Prior to 2000, there was a history at the University of Chicago, and in particular within the biomedical complex, of looking beyond one of the most significant medical challenges of the century. We were probably one of the only major urban academic health institutions in the United States to do so, and in many ways this legacy has made our current efforts even more pronounced, focused and driven. The University of Chicago is at the forefront of healing complex conditions which makes our current "one campus" approach distinct, and advances the natural and deep interdisciplinary approaches that CCHE embodies.
One of the benefits of a late start is that much of the entrenched HIV ideologies that focus on individual behaviors and insular biomedical cures have not guided CCHE’s fresh approach to eliminating HIV transmission. Our policies, the ways our infrastructure has developed, and a lack of legacy in programs or people has made CCHE a place where new and interdisciplinarity ideas thrive. We recruit the best minds and utilize advanced methods that are fostered within the community in which the institution resides.
The Biological Sciences Division and in particular the Departments of Medicine, Pediatrics, Obstetrics/Gynecology and Health Studies have made considerable progress towards HIV transmission elimination. These units and the Harris School, the Booth School, the School of Social Services Administration, and the College are reciprocally strengthened by efforts to limit new HIV transmission domestically and internationally.

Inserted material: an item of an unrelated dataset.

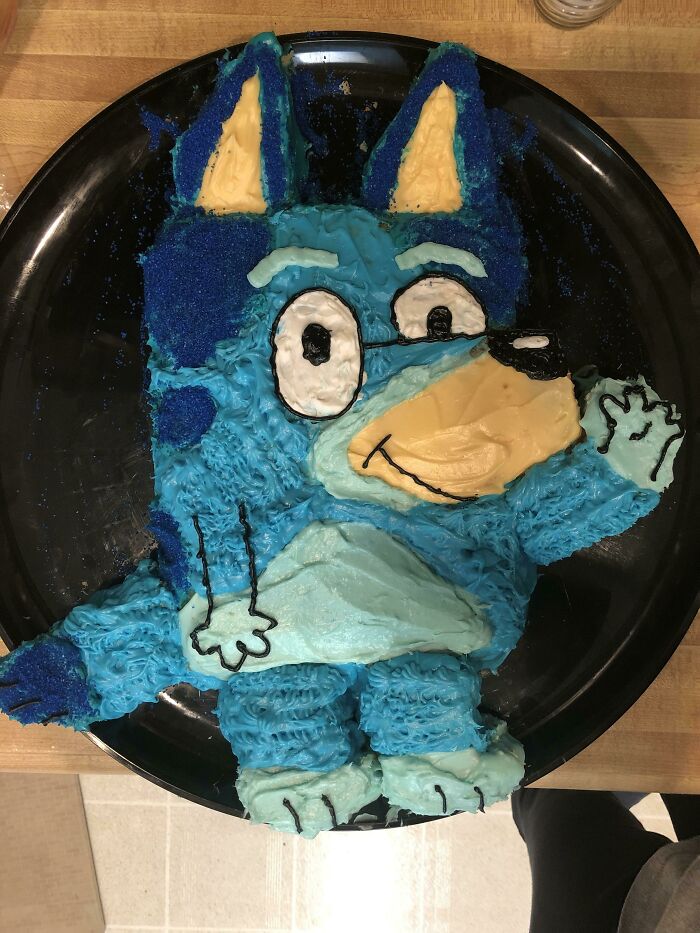 Worked On This All Day. Not The Best, But My Bluey Fan Turns Three Today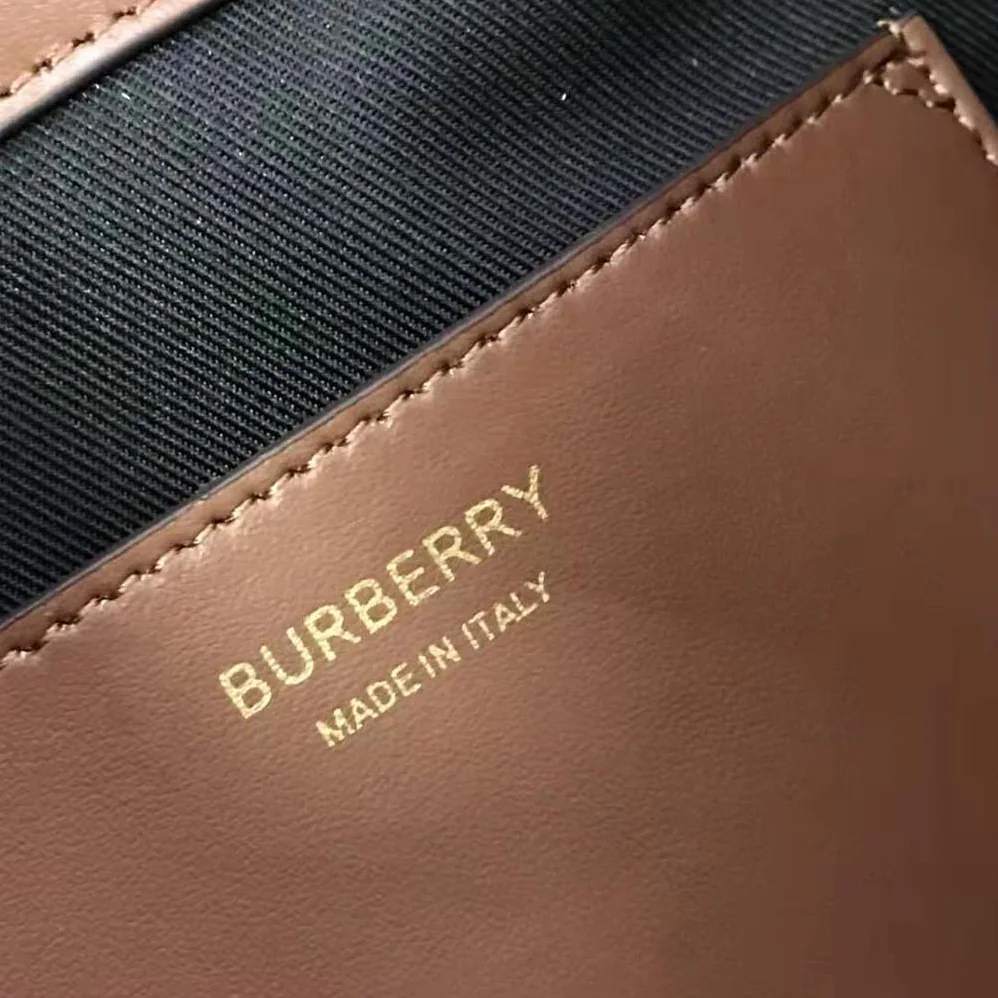 Burberry Mini TB Bucket Bag in Calf Leather for Women Burberry Mini TB Bucket Bag in Calf Leather for Women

High quality HIV prevention and treatment clinical services for newly HIV diagnosed and at-risk adolescents and adults are available even for those without insurance through one of several CCHE HIV providers. A very important part of our growth and development has included the establishment of a comprehensive HIV program that has rapidly expanded 10 fold over a ten year period to meet the needs of multiple populations in Chicago.
The history of HIV/AIDS in Chicago, mirroring other major cities, is in many ways a representative microcosm of the national epidemic. In the early 80s the epidemic was widely considered a disease of (mostly white) gay men and injection drug users. Today, the predominantly white LGBTQ neighborhoods of LakeView and Uptown still have the highest prevalence of HIV in the city where many social services are available. However, the rate of new infection is increasing fastest in young black men who have sex with men and black women. Young black MSM in Chicago are more likely than white MSM to become infected with HIV, with no differences in risk behavior or partner number.
The University of Chicago’s position on the South Side makes it uniquely situated to test, treat, and prevent new HIV infections in a highly affected population. The South Side communities and majority Black suburbs connected to them to the South represents the largest contiguous Black population in the United States. By using our integrated HIV transmission elimination approaches, we are beginning to make new infections in these communities less frequent.